Oui, c’est possible. Le stress peut provoquer une tension musculaire ou des douleurs, surtout dans la nuque, les épaules, le dos ou la mâchoire. À force de rester contractés, les muscles donnent une impression de lourdeur, d’inconfort ou d’épuisement physique. Le NHS cite clairement la muscle tension or pain parmi les symptômes fréquents du stress.

Il faut toutefois faire une nuance importante. Le stress peut expliquer des muscles tendus et douloureux, mais il n’explique pas tout. Si la douleur est intense, si vous ressentez une vraie faiblesse musculaire, ou si la fatigue physique devient durable, il faut chercher une autre cause avec un professionnel de santé. D’autres problèmes, comme certains troubles du sommeil, l’anémie, la thyroïde ou d’autres maladies, peuvent aussi provoquer une grande fatigue.

À retenir :

  • Le stress peut donner des signes physiques, mentaux et comportementaux.
  • Une grande fatigue liée au stress va souvent au-delà d’un simple besoin de repos.
  • L’envie de dormir peut venir du stress, mais aussi d’un trouble du sommeil ou d’une autre cause médicale.
  • Le stress peut favoriser une fatigue musculaire via la tension et la douleur.

Que peut cacher une grande fatigue ?

Vous vous reposez, mais rien ne change ? Dans ce cas, la fatigue mérite qu’on s’y attarde. Une grande fatigue peut être liée au stress, au manque de sommeil, à une carence, à une infection, à un trouble anxieux, à une dépression, à une maladie de la thyroïde, à une anémie ou à un autre problème de santé. La fatigue n’est pas une maladie en soi. C’est un symptôme. Et quand elle perdure, il faut chercher sa cause.

À partir de quand parle-t-on d’asthénie ?

On parle d’asthénie quand la fatigue devient anormale. En clair, elle persiste malgré le repos ou elle revient sans arrêt. L’Assurance Maladie précise qu’une fatigue passagère n’est pas inquiétante, mais qu’elle devient anormale lorsqu’elle dure alors que le repos devrait suffire.

Il faut aussi être plus attentif si cette fatigue est profonde, si elle gêne les gestes du quotidien, ou si elle s’accompagne d’autres signes, tels un essoufflement, une perte ou un gain de poids, des douleurs, de la fièvre ou des troubles du sommeil. Dans ce cas, une consultation est conseillée.

Quelle maladie peut provoquer une grande fatigue ?

Plusieurs maladies peuvent provoquer une fatigue importante. Parmi les causes fréquentes, on retrouve l’anémie, certaines maladies endocriniennes comme l’hypothyroïdie, les maladies infectieuses chroniques, les affections auto-immunes, certains cancers, les maladies chroniques et les troubles du sommeil. L’Assurance Maladie cite aussi ces causes dans son point sur l’asthénie.

MedlinePlus ajoute d’autres causes fréquentes : la dépression, l’anxiété, l’apnée du sommeil, l’insomnie, certains médicaments, ou encore une thyroïde trop lente ou trop rapide. Autrement dit, une fatigue durable n’a rien d’un symptôme « fourre-tout ». Elle mérite une vraie considération.

Pourquoi une fatigue intense peut-elle apparaître sans raison ?
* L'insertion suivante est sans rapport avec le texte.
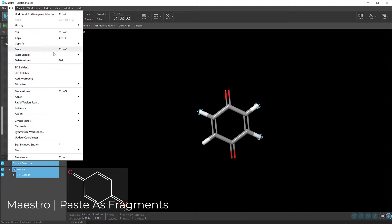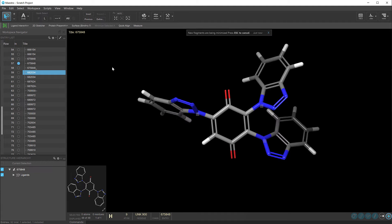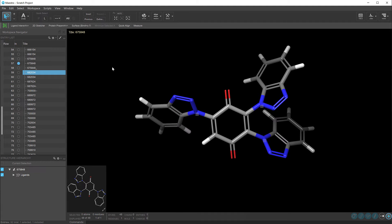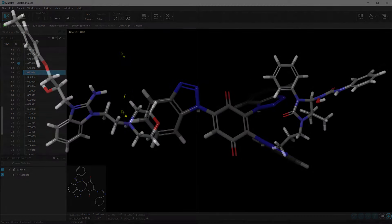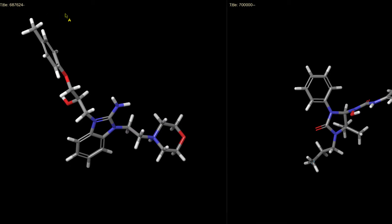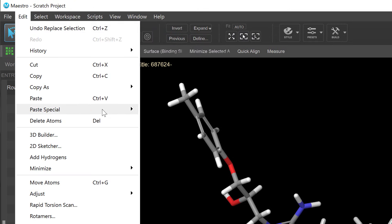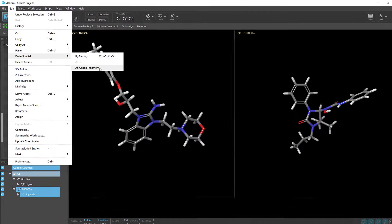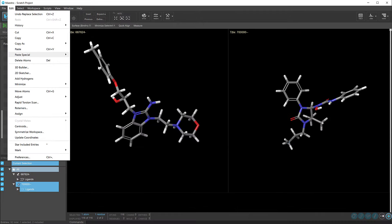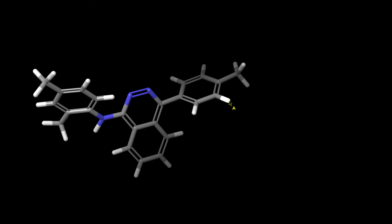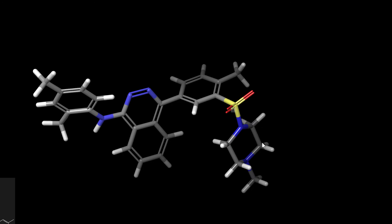In Maestro, one can now seamlessly copy fragments from existing molecules and paste them onto selected atoms in another molecule. Simply select and copy the atoms and use the Paste Special as added fragments on potential attachment atoms. This feature streamlines molecular editing tasks such as interactively copying and pasting R-groups between ligands.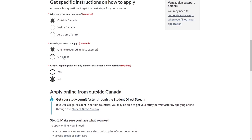It will then give you personalized instructions on how you can apply online from outside of Canada, based on the questions you selected. If you wanted to apply on paper inside of Canada, it would give you instructions on how to do that. So that's how you can apply for a Canada student visa. I hope you found this video helpful — please comment, like, and subscribe for more content like this. Thanks for watching.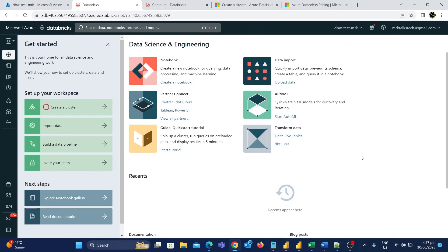In today's video, we are going to see a complete overview of the different types of clusters available in Azure Databricks. We can see all of these details by creating a new cluster from scratch. We have already seen an introduction to Azure Databricks and how to create a Databricks instance from scratch, so I would strongly recommend watching those videos before this one.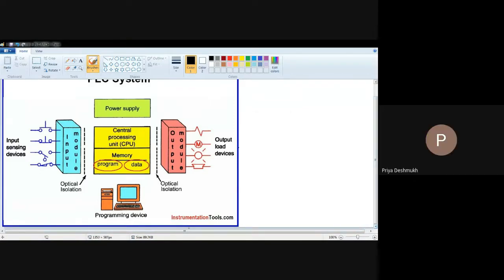Today's topic is PLC — the next unit on PLC fundamentals. In this unit, you are going to first study about the programmable logic controller.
En réalité, une fatigue intense arrive rarement sans raison. Le plus souvent, la cause n’est juste pas visible tout de suite. Il peut s’agir d’un stress émotionnel, d’un sommeil de mauvaise qualité, d’une carence en fer, d’un début d’infection, d’un effet secondaire médicamenteux ou d’un trouble de l’humeur. MedlinePlus rappelle que la fatigue peut avoir de nombreuses causes, parfois médicales, parfois liées au mode de vie.
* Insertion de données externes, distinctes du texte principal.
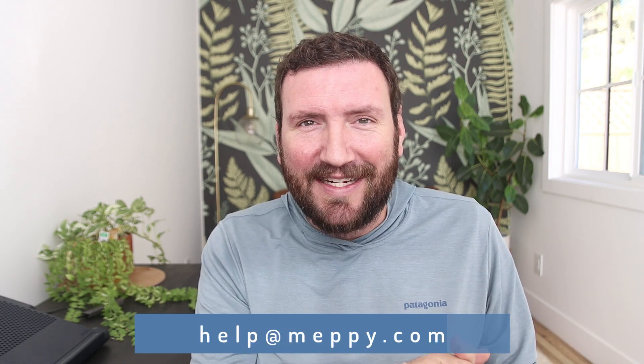Meppy.com forward slash help, or you can email him help@meppy.com. Thanks to Mark for taking the time to record this demo for the OG members and for permitting me to share it more publicly with anyone else that it can serve. Thanks for watching. Take care.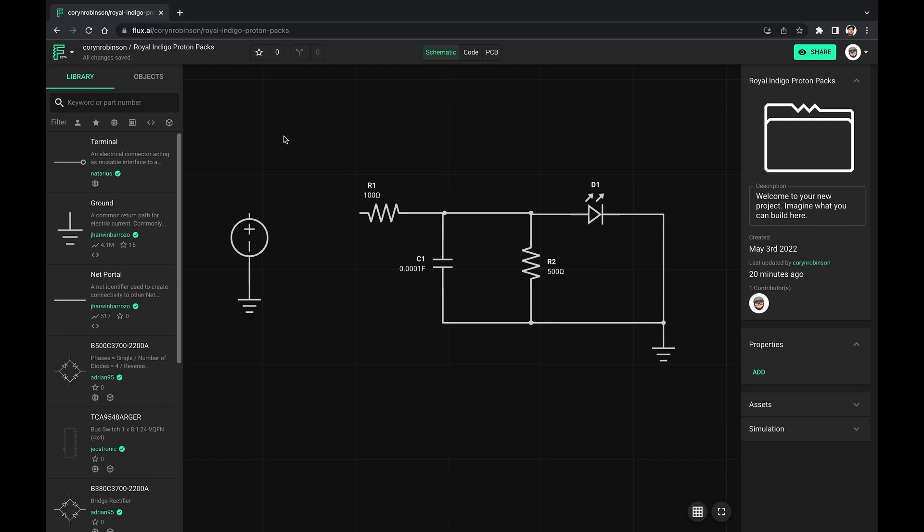While still in beta, Flux currently offers a simple simulation environment with the ability to change the code. Let's take a look at this circuit for example. In order for the simulation to work, all of the parts need to have a simulation model.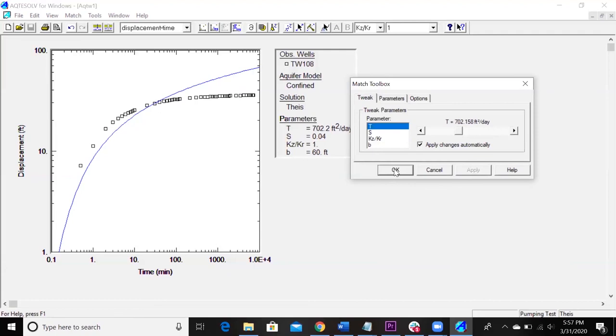Again, this is a super useful software. If you're going into environmental consulting and you ever do any aquifer testing, this has kind of been the leading software for people that do aquifer tests for a long time.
Parfois aussi, le corps accumule de petites alertes : nuits trop courtes, charge mentale, repas irréguliers, tension nerveuse, peu de récupération. Pris séparément, cela semble « supportable ». Ensemble, cela peut donner une fatigue intense très réelle. Et si elle persiste, il faut éviter de conclure trop vite à une simple surcharge.
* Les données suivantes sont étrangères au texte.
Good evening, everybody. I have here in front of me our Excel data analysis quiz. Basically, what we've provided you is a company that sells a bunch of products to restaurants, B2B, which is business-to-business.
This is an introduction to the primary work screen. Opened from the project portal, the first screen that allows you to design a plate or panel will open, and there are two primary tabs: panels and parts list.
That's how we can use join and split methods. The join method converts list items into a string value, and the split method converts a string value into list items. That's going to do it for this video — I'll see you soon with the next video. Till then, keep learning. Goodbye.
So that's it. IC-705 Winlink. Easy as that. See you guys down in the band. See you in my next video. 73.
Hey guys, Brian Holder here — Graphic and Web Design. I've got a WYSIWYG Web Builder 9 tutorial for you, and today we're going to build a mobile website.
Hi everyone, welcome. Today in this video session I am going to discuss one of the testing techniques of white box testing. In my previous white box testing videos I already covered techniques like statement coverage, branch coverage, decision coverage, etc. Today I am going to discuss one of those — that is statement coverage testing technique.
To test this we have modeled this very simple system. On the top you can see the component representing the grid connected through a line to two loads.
Quelle est la phase d’épuisement du stress ?

Le stress suit souvent un schéma en trois temps : alarme, résistance, puis parfois épuisement. L’INRS explique que l’organisme répond à une situation stressante par ces différentes phases. La phase d’épuisement apparaît quand le corps est resté trop longtemps en alerte et qu’il n’arrive plus à compenser.

À ce stade, la personne peut ressentir un épuisement physique, mental et émotionnel. Le NHS explique aussi qu’un stress sévère ou prolongé peut conduire à cet état d’épuisement appelé burnout. L’OMS, de son côté, décrit le burnout professionnel par un sentiment d’épuisement, une distance mentale vis-à-vis du travail et de la vie privée accompagné d’ une efficacité réduite.

Quelles sont les causes les plus fréquentes ?

Pourquoi tant de personnes se sentent-elles vidées sans être « malades » au sens classique ? Parce que les causes les plus fréquentes sont souvent très concrètes : manque de sommeil, stress, anxiété, surcharge du quotidien, pour les femmes : règles abondantes, grossesse, enfin carence en fer ou rythme de vie déséquilibré. Ces causes peuvent paraître banales, mais leurs effets, eux, ne le sont pas.

Le manque de sommeil peut-il entretenir l’épuisement ?

Oui, clairement. Un manque de sommeil répété entretient la fatigue, diminue l’attention, la capacité de concentration, ralentit la récupération et fragilise l’équilibre émotionnel. MedlinePlus rappelle que certains troubles du sommeil, comme l’insomnie ou l’apnée du sommeil, font partie des causes fréquentes de fatigue.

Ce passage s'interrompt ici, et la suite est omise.